CONSTRUCTION – L’absence de réalisation d’une étude de sols par le maître d’ouvrage est-il une cause exonératoire de responsabilité des constructeurs en cas de survenance d’un dommage de type décennal ?
Cass.civ.3, 7 novembre 2024, 22-22793
Dans cette affaire, des désordres de nature décennale liés à l’inadéquation des fondations par rapport aux caractéristiques du sol, étaient apparus alors que le maître d’ouvrage avait délibérément choisi de ne pas réaliser d’étude de sols.

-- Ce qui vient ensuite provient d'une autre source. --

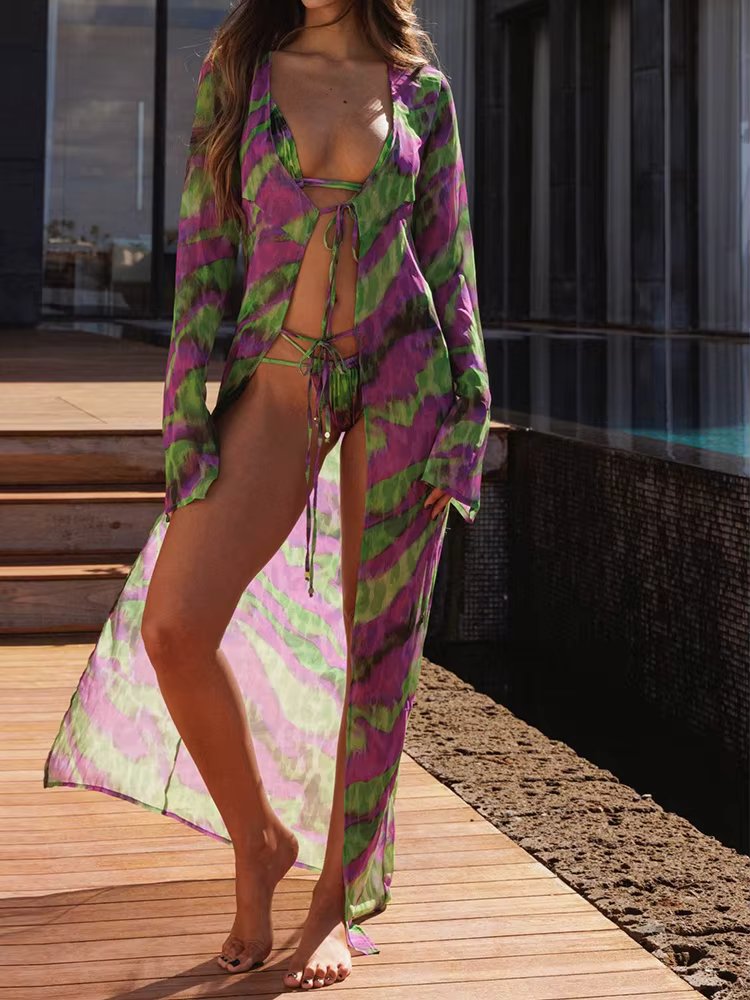 ZRTAK Mesh Cover Ups Sexy 3 PCS Bikini Dress Push UP Bikini Set Women Swimsuit Swimwear 2024 Bathing Suit Beachwear Summer Dress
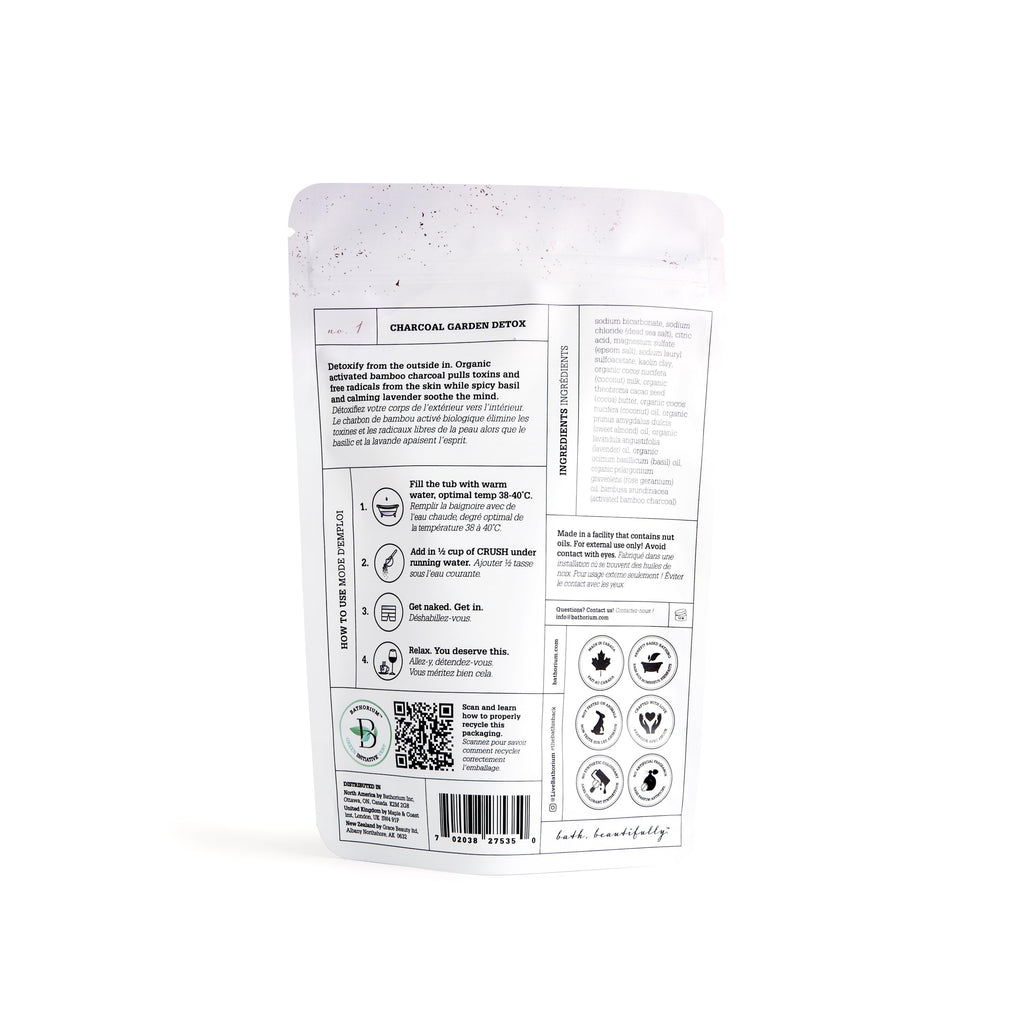 Bathorium Charcoal Garden Detox Crush — Purifying Bath Soak with Activated Charcoal & Eucalyptus, pH-Balanced (5+ Baths, 21 oz)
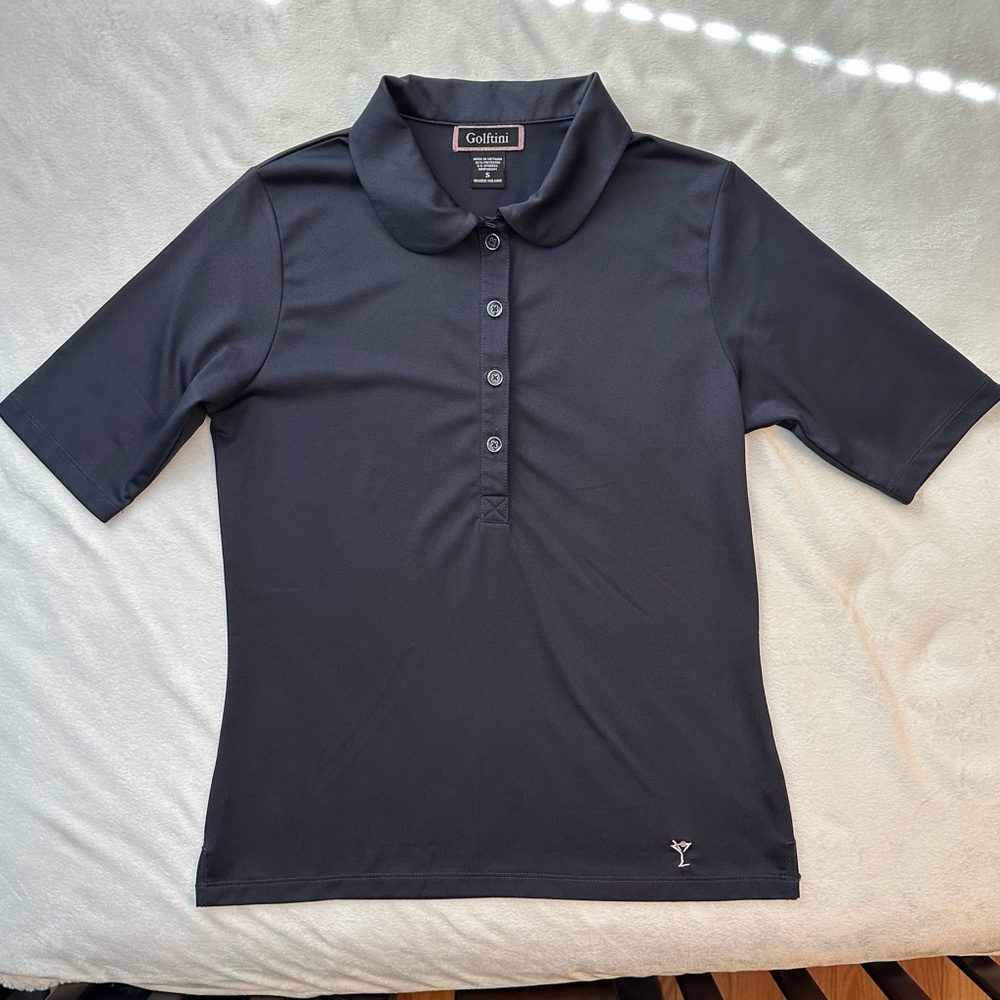 GOLFTINI Elbow Fab Women’s Performance Golf Shirt Performance Polo Navy Blue S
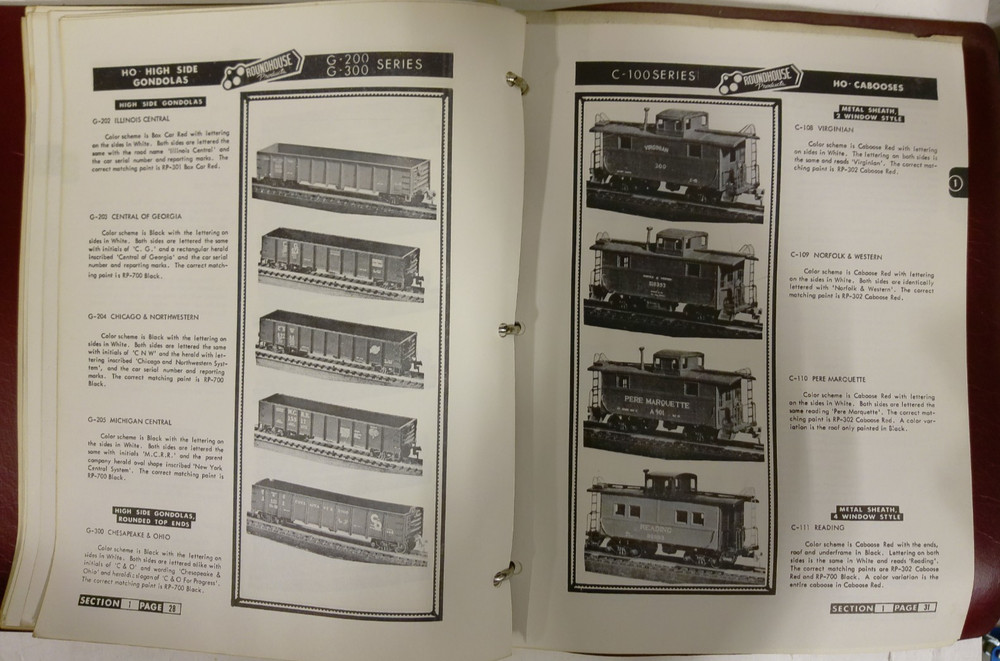 Roundhouse Model Die Casting 1956 Data Book Sheets & Binder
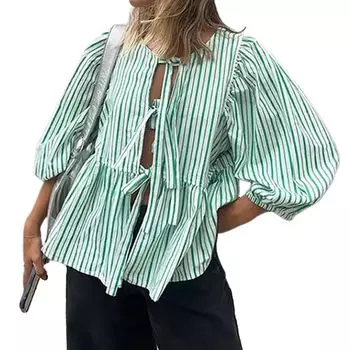 Amazon Трансграничная женская одежда из Европы и Америки 2024 Новая персонализированная рубашка в зеленую полоску со средним длинным рукавом S чёрный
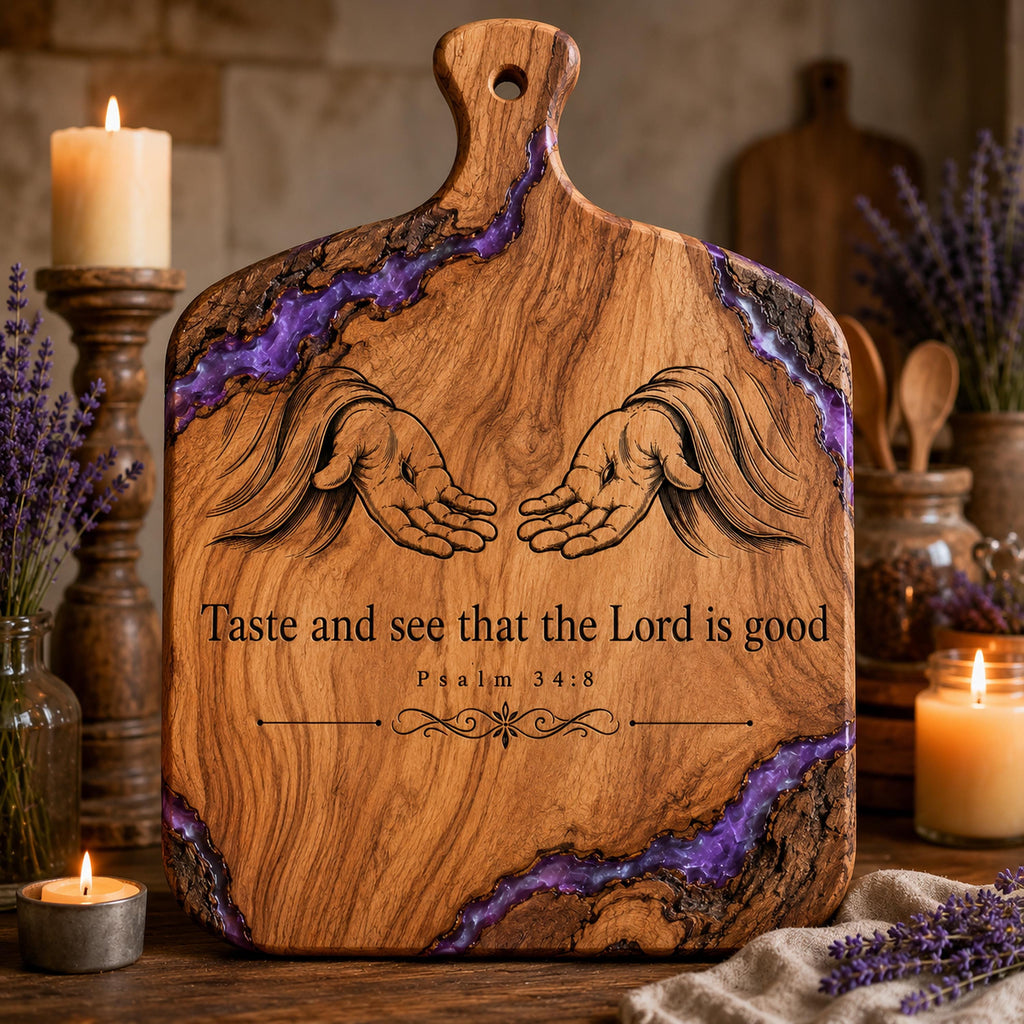 Psalm 34:8 Jesus Hands SVG, Christian Bible Verse Laser Engraving File (Digital Download)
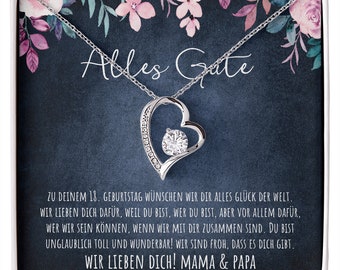 18 Geburtstag personalisierbare 14K Weißgold Herz Halskette mit personalisierter Glückwunschkarte für Tochter Enkelin Nichte Patenkind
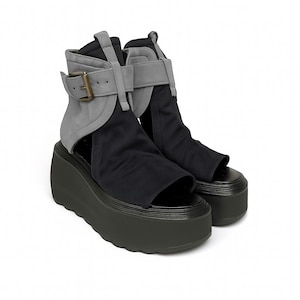 Handmade Platform Sandals Boots,Summer Boots, Buckles,Unique Design Sandals, Black leather sandals,Black and Gray Fashion Sandals,Open Toe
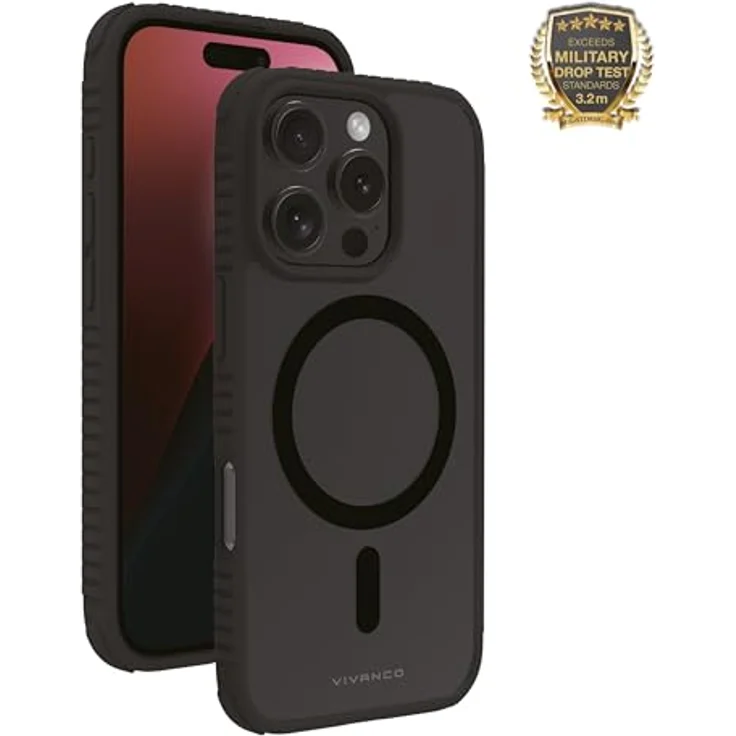 Vivanco Mag Solid Elite Cover für Apple iPhone 16 Pro, 360° Anti Shock, 3.2m Drop-Protection, MagSafe Support, Schwarz, Durchscheinend – Bild 2
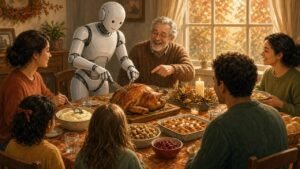 AI-made illustration of a family Thanksgiving dinner, with a smiling older man pointing as a white robot carves the roast turkey at the table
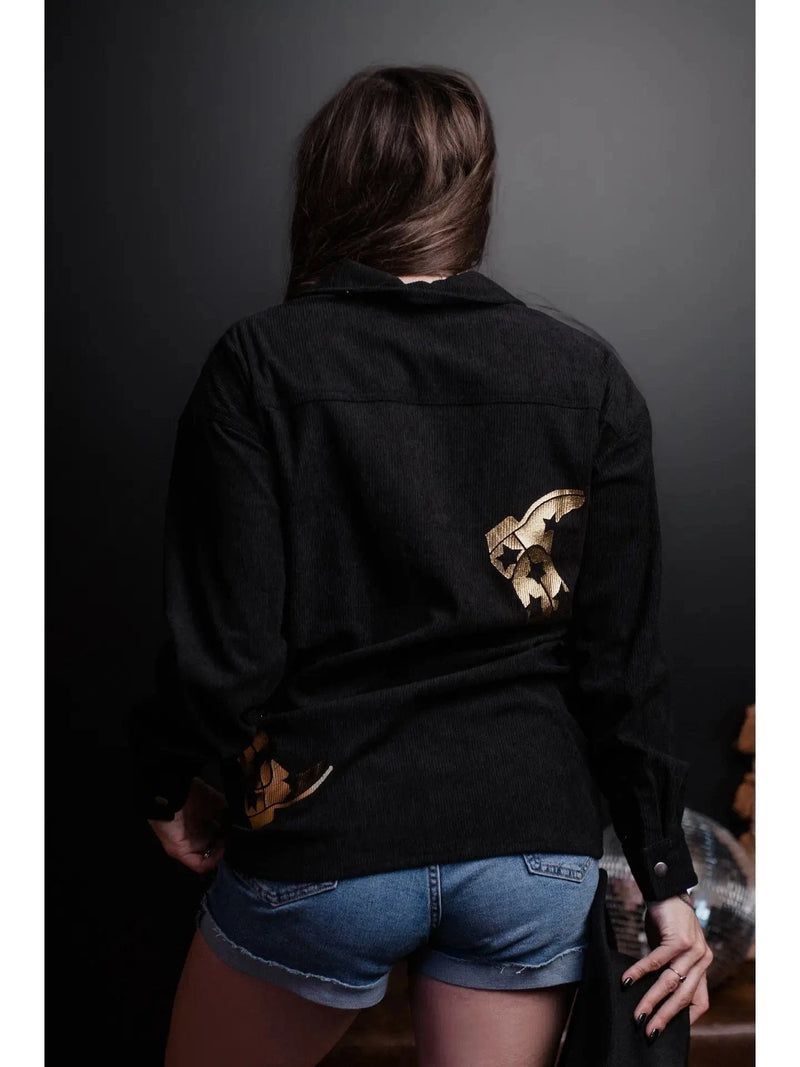Marigold Kiss Women's Apparel Women's Black Golden Boots Shacket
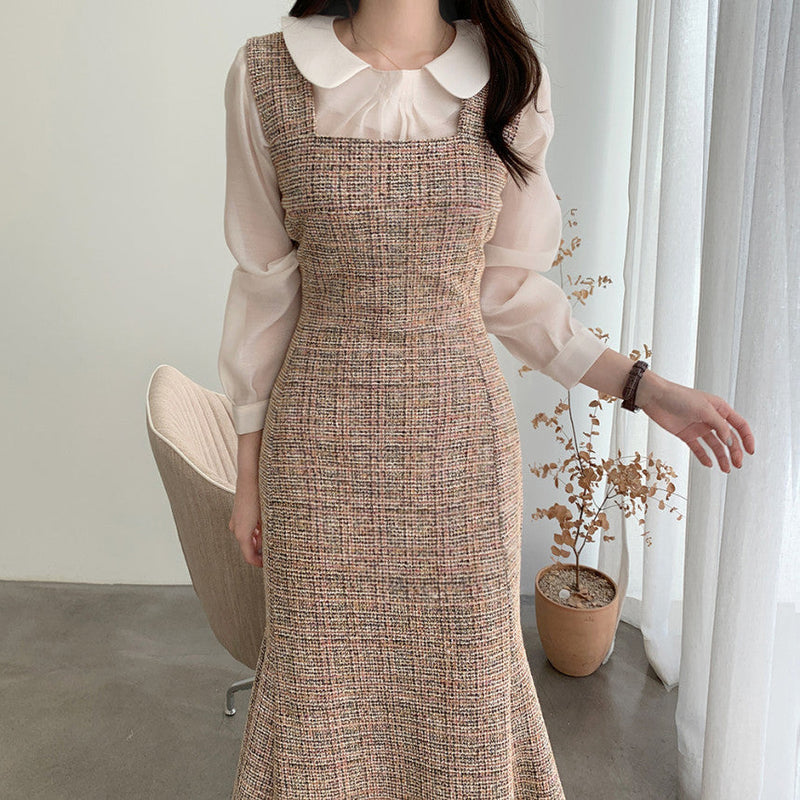 Rochie Sanda maro din tweed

La question se posait de savoir si la responsabilité des constructeurs pouvait, comme le maître d’ouvrage ne manquait pas de le soutenir, être engagée sur le fondement des dispositions de l’article 1792 du code civil, malgré l’absence d’étude de sols.
Au visa de l’article 1792 du de code civil, la Cour de cassation retient :
« 29. Aux termes de ce texte, tout constructeur d'un ouvrage est responsable de plein droit, envers le maître ou l'acquéreur de l'ouvrage, des dommages, même résultant d'un vice du sol, qui compromettent la solidité de l'ouvrage ou qui, l'affectant dans l'un de ses éléments constitutifs ou l'un de ses éléments d'équipement, le rendent impropre à sa destination. Une telle responsabilité n'a point lieu si le constructeur prouve que les dommages proviennent d'une cause étrangère.
30. Constitue la cause étrangère, au sens de ce texte, l'acceptation délibérée du risque par le maître de l'ouvrage, qui exonère en tout ou partie les constructeurs de leur responsabilité tant à son égard qu'à l'égard de l'acquéreur.
31. Pour condamner les sociétés Axa et Alpha Insurance à indemniser les acquéreurs sur le fondement de la responsabilité décennale, l'arrêt retient que les intervenants à la construction de la villa et du mur de soutènement ne démontrent pas que les désordres avérés, de nature décennale, ont été provoqués par une cause étrangère.
32. En statuant ainsi, après avoir retenu que le maître de l'ouvrage avait pris le risque délibéré de ne pas faire réaliser d'étude de sol avant la réalisation des travaux malgré l'avis défavorable du contrôleur technique et que sa faute justifiait que son assureur, la société Lloyd's Insurance Company, ne soit garantie par les sociétés Axa et Alpha Insurance qu'à hauteur de la moitié des dommages, la cour d'appel, qui n'a pas tiré les conséquences légales de ses propres constatations, a violé le texte susvisé ».